• **Data provided**:
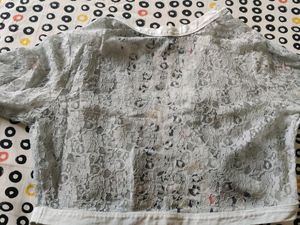 Grey Net Shrug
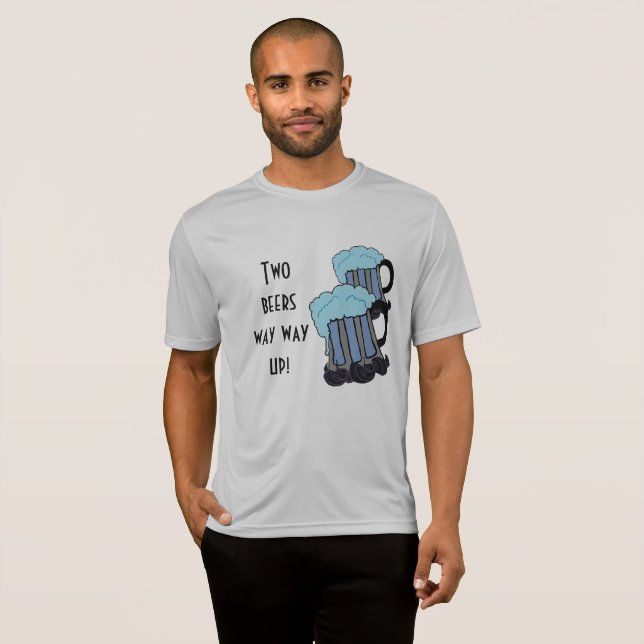 Två öl är på väg upp! tee (Hel framsida)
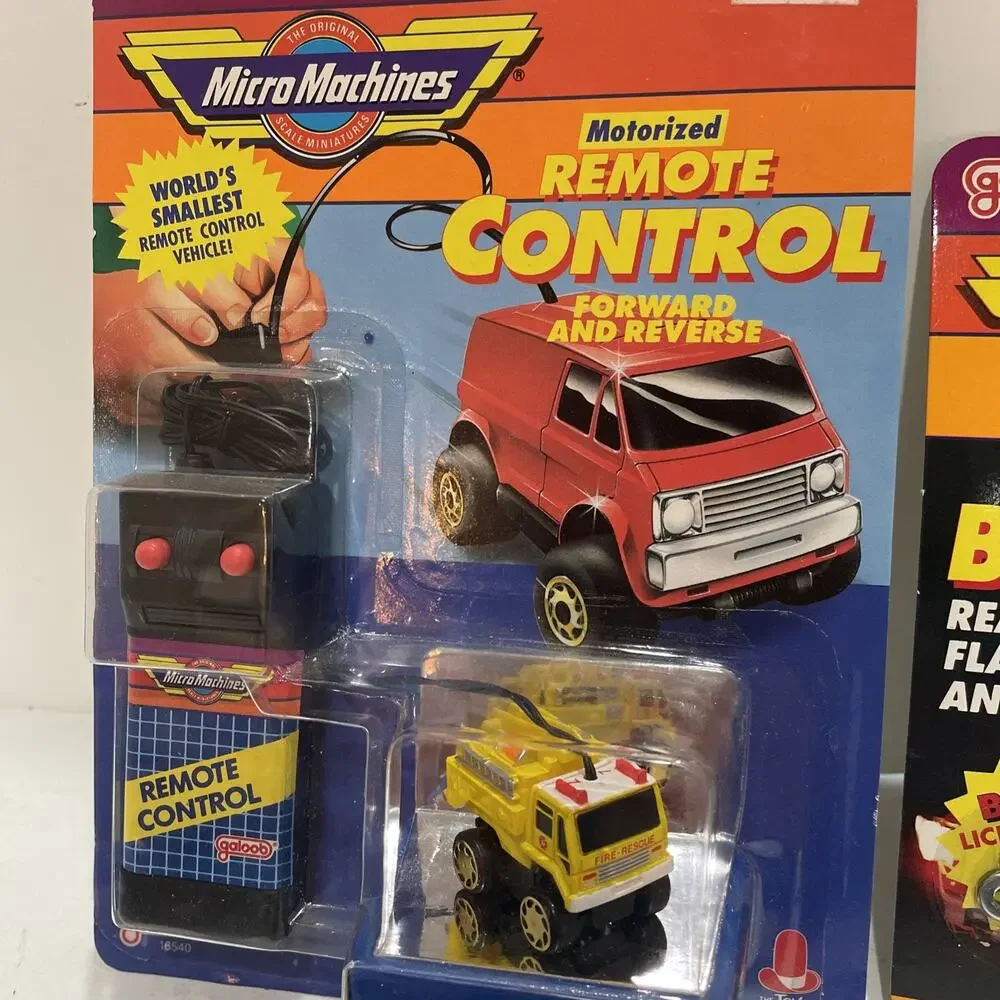 MICRO MACHINES Remote Control Fire Truck 1989 Sealed. And Blaze And Roar 7440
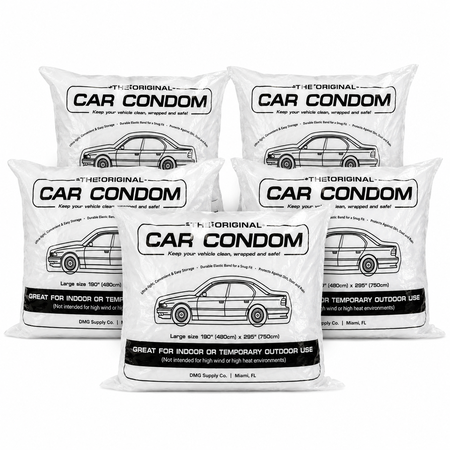 Car Condom Large 5 Pack Disposable Car Cover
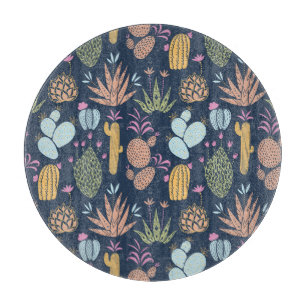 Planche À Découper Charme de cactus : Vintage coloré Floral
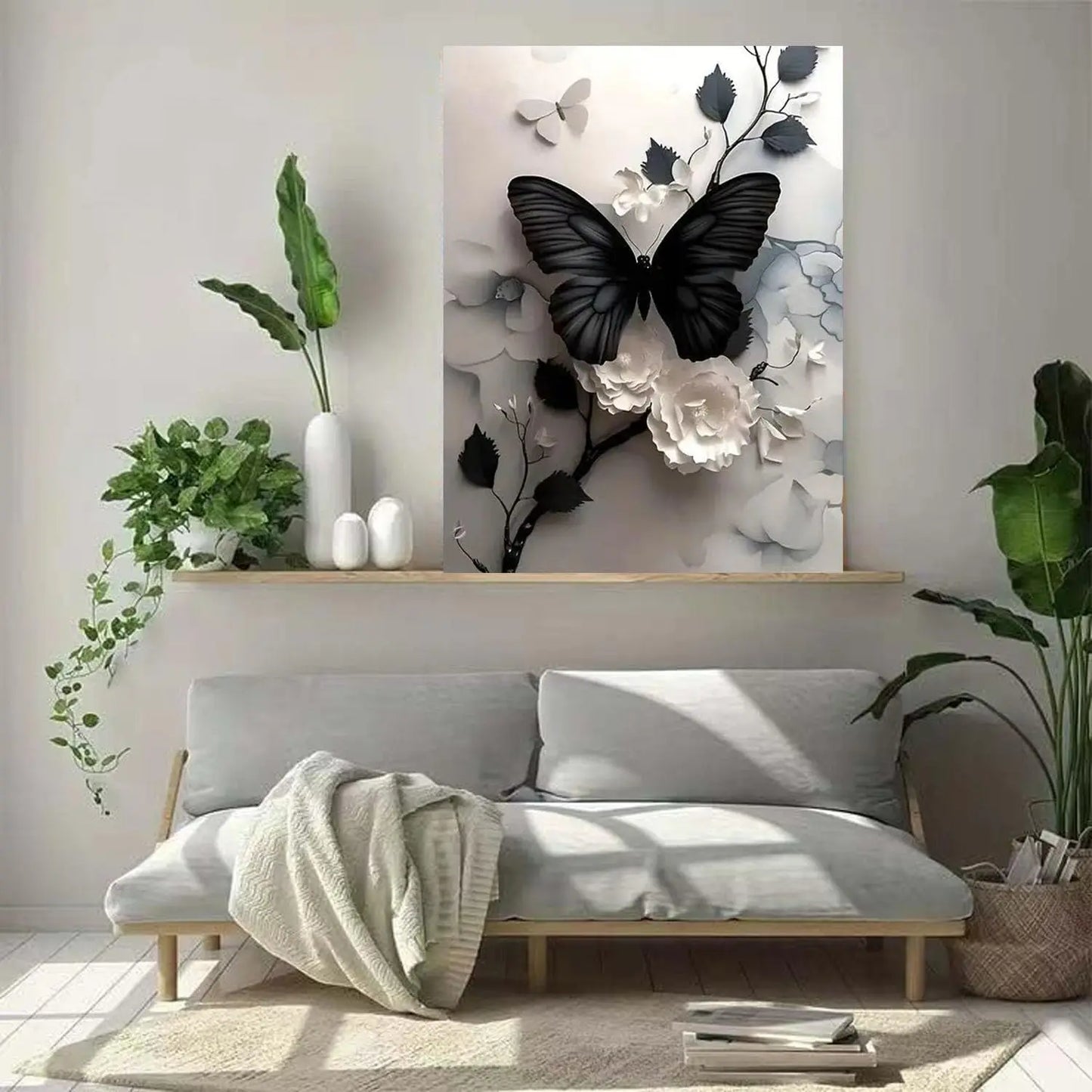 5D Butterfly Flower Diamond Art Kit for Adults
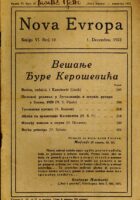 Nova Evropa 10/1922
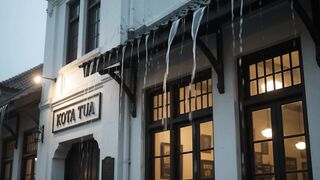 Rain in Kota Tua at Night | Old Town Rain Sounds for Sleep and Relaxation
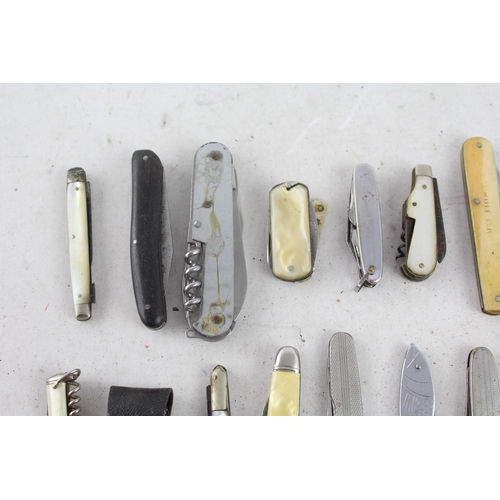 1245 - Twenty antique and vintage pocket knives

• **What the task asks**:
Every line from the one with "Planche À Découper" through the last line of the listing above must be written out exactly, and no picture may appear.

• **Solution below**:
 Planche À Découper Charme de cactus : Vintage coloré Floral
 5D Butterfly Flower Diamond Art Kit for Adults
 Nova Evropa 10/1922
 Rain in Kota Tua at Night | Old Town Rain Sounds for Sleep and Relaxation
 1245 - Twenty antique and vintage pocket knives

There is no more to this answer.